If Sebi approves the demand, trading hours of currency futures will be extended to 11.30 pm from the existing 9 am to 5.30 pm. Internationally trading in futures continues for nearly 23 hours a day. Traders feel it is high time that India gradually moves towards adopting that practice.
This is also in line with the existing trading practice in commodity futures exchanges, where trading continues up to 11.30 pm for gold and other commodities with global references. Gold trading on commodity exchanges is a major volume generator and prices move in tandem with the movement in currency, especially the US dollar. As dollar movements are volatile, traders in currency futures per se also want extended trading hours for currency futures.

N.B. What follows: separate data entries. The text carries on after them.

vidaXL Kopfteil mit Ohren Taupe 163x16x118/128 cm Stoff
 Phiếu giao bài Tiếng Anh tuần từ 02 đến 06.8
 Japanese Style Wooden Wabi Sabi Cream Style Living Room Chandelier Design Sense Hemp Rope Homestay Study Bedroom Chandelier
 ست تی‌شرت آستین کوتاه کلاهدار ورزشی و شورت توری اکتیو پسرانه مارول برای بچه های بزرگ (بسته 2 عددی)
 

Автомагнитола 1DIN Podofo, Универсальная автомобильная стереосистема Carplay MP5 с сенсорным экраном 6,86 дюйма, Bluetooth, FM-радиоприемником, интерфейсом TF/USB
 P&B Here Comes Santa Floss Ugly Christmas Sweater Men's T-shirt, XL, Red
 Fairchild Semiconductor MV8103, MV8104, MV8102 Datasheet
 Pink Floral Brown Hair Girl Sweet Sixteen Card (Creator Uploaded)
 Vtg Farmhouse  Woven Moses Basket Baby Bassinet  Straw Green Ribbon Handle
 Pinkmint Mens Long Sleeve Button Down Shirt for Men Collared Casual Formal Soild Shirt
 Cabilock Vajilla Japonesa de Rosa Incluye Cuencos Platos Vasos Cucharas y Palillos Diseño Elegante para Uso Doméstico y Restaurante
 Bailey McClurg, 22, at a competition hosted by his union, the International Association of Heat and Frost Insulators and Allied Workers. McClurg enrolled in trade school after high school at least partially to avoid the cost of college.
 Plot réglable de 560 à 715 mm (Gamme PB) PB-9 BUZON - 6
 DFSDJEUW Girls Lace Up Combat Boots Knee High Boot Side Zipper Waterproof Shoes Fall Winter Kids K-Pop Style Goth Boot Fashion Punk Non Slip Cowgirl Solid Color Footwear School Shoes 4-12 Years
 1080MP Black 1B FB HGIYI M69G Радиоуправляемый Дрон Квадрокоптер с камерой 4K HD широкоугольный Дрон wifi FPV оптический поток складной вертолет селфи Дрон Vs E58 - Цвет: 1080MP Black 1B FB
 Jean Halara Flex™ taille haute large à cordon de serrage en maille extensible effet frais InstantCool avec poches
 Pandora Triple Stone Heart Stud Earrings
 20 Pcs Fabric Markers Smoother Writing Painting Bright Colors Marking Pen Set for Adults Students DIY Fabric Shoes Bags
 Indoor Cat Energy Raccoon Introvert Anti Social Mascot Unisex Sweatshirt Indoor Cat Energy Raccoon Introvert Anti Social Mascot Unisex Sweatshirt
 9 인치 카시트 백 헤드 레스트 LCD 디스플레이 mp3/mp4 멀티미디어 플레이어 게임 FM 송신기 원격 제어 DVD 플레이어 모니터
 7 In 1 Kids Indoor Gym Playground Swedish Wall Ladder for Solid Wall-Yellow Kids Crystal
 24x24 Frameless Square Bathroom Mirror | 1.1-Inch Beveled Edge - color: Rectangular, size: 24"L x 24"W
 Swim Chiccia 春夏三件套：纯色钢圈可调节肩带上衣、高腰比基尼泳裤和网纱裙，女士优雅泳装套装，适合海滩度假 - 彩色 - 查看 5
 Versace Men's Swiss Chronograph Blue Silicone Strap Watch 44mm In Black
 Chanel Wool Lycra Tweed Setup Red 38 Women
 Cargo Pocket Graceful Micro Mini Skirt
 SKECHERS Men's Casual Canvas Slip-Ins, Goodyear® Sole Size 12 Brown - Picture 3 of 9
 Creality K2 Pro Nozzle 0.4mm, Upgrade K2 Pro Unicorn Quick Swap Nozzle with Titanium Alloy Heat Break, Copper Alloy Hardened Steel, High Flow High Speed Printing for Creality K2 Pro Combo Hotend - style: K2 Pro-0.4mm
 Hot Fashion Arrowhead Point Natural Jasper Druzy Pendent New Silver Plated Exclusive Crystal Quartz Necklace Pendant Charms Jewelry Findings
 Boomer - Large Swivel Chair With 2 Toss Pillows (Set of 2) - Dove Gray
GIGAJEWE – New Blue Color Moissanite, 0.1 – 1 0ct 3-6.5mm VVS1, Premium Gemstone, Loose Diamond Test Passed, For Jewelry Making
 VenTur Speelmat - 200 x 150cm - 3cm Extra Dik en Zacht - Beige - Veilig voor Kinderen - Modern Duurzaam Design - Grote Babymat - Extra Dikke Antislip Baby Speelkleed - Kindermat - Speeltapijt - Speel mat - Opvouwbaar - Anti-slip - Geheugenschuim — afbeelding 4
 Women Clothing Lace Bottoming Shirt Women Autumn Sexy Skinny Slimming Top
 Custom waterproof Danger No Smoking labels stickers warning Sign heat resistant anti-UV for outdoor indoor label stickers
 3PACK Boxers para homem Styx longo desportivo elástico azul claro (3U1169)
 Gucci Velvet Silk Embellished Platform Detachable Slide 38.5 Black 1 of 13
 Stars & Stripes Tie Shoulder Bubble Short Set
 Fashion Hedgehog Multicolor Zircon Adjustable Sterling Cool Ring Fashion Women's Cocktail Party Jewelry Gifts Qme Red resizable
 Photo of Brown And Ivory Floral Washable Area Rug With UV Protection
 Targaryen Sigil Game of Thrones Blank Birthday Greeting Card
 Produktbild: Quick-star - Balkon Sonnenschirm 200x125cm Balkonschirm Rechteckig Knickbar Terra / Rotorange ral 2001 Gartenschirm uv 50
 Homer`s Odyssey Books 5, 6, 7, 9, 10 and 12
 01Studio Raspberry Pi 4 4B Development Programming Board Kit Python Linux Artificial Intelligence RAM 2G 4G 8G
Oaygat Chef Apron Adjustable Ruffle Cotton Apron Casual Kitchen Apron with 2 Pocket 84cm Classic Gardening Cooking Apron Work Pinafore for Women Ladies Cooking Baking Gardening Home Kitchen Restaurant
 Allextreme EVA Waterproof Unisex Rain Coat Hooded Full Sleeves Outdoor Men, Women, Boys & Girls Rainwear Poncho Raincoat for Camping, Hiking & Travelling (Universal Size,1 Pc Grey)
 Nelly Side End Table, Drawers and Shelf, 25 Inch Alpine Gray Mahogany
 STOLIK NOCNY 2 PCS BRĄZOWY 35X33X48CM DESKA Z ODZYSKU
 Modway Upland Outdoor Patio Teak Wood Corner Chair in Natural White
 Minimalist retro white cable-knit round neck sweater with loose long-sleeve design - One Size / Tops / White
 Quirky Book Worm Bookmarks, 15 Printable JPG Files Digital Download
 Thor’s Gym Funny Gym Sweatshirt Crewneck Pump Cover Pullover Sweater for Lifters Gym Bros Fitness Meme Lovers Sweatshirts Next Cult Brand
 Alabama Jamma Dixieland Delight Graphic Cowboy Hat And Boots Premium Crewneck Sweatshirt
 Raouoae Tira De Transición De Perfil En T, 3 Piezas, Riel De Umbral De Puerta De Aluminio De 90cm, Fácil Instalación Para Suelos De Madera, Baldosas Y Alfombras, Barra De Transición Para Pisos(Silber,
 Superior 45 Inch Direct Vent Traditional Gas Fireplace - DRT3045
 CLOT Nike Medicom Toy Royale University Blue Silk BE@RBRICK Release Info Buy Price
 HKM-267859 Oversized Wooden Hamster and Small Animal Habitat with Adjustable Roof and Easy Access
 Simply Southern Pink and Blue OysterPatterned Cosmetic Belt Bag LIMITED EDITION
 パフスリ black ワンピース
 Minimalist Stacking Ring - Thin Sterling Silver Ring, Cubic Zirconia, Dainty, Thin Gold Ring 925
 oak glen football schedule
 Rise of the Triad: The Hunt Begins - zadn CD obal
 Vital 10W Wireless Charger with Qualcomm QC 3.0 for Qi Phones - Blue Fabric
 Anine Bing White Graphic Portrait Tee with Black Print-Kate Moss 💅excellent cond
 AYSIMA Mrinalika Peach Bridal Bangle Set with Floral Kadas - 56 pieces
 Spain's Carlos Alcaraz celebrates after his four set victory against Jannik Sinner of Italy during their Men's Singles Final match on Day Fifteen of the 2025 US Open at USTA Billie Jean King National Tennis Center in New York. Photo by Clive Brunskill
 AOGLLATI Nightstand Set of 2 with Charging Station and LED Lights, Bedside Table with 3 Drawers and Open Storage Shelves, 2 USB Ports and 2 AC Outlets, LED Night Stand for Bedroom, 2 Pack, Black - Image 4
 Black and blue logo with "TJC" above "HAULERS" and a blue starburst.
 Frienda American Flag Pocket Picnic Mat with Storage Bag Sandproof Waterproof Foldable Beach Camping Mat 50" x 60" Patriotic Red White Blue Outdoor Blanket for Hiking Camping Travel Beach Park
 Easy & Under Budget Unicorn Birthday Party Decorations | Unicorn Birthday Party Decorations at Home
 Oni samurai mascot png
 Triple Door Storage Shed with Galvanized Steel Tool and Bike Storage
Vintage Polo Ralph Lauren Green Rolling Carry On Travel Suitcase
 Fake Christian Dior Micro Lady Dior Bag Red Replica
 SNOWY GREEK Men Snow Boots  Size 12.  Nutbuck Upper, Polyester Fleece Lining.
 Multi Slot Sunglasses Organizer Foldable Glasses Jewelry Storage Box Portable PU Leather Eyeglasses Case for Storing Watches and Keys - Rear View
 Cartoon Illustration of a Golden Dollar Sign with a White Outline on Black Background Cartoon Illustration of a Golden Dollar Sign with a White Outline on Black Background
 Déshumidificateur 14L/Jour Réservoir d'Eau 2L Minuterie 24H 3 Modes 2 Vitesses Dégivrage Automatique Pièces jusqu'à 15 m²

For Sebi, the idea would be an extension of its thinking for equity derivatives, where the regulator is considering the National Stock Exchange’s (NSE’s) request to start Nifty futures earlier than the start of the spot market. NSE has proposed to prepone timings for trading in Nifty futures to 8 am as it is already generating big volumes in Singapore stock exchange before Indian stocks open. If the trend in the Indian market is decided by Singapore, then local traders would be at a loss, said a trader.
“We have submitted our request to the equity market regulator to extend timing of currency futures trading for the convenience of market participants, who can comfortably mitigate their hedging risks,” said a top exchange official on condition of anonymity.
Currently, MCX-SX, NSE and BSE offer futures trade in dollar. But, local traders feel the pinch of market volatility as trading in the domestic currency markets closes for the day by 5.30 pm.
There exists an intricate linkage between commodity prices and movement of global currency prices. This linkage assumes importance, especially in commodities like gold, copper, zinc, edible oil, crude oil and petroleum products in which India has a large exposure to global markets, as India is a major importer, consumer and exporter of some of these commodities and their derivatives.